For commercialization and R&D, this matters because it implies that any new NO protocol, clinical decision support tool, or dosing algorithm that uses left ventricular dysfunction as an inclusion/exclusion gate for 20 ppm inhaled NO in hypoxic respiratory failure neonates can land inside the method claim set, at least at the level of the independent claims.
Key Takeaways
- US 8,795,741 claims triage methods for 20 ppm inhaled nitric oxide in term/near-term neonates with hypoxic respiratory failure, using left ventricular dysfunction (and optionally PCWP ≥ 20 mm Hg and echocardiography) to decide who gets NO versus who is excluded or discontinued.

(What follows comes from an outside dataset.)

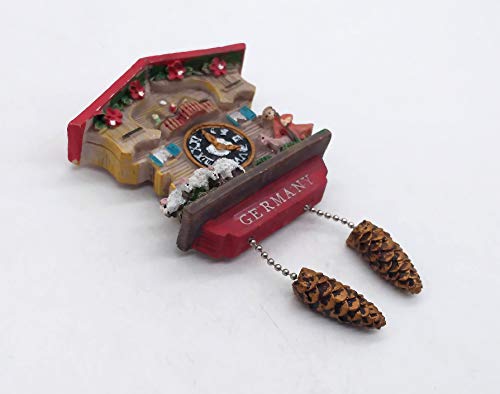 Imán decorativo reloj cuco Alemania para nevera miniatura 4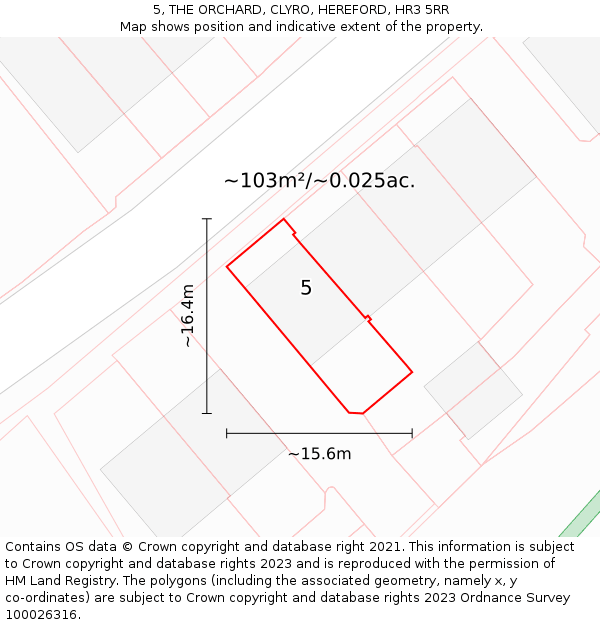 5, THE ORCHARD, CLYRO, HEREFORD, HR3 5RR: Plot and title map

- The independent claim backbone is consistent across variants: administer to “no LV dysfunction” patients; exclude or discontinue “LV dysfunction” patients to reduce PCWP increase leading to pulmonary edema.
- Dependent claims narrow into specific implementation details: echocardiography, congenital heart disease attribution, PCWP threshold, discontinuation after adverse event, and a 14-day or until hypoxia resolves regimen structure.
- Landscape positioning: the patent is best viewed as a process add-on to baseline neonatal inhaled NO therapy, centered on cardiac filling pressure risk management.
FAQs
-
Is this a new nitric oxide formulation patent?
No. The claims are method claims tied to clinical decision-making around using 20 ppm inhaled nitric oxide, not a chemical composition or device.
-
Does the patent require PCWP ≥ 20 mm Hg to be infringed?
Not for all claims. The PCWP threshold appears in dependent claims (e.g., claims 8, 13, 30). The independent claim concept centers on left ventricular dysfunction determination.
-
Can the method apply if clinicians discontinue nitric oxide after starting?
Yes. Claim 9 (and pediatric variants like claim 37) explicitly includes exclusion or discontinuation based on LV dysfunction determination and optionally adverse events.
-
Does echocardiography have to be used?
Not for all claims. Echocardiography is a dependent limitation (e.g., claims 7, 23, 29). Independent claim language allows at least one diagnostic process in some embodiments.
-
What patient subgroup is central to the risk logic?
The “second patient” subgroup with left ventricular dysfunction, including cases where LV dysfunction is attributable to congenital heart disease, which is repeatedly recited in dependent claims.
References
[1] United States Patent US 8,795,741, “Method of treating patients using inhaled nitric oxide with risk reduction for pulmonary edema in neonatal patients with hypoxic respiratory failure,” claims text as provided.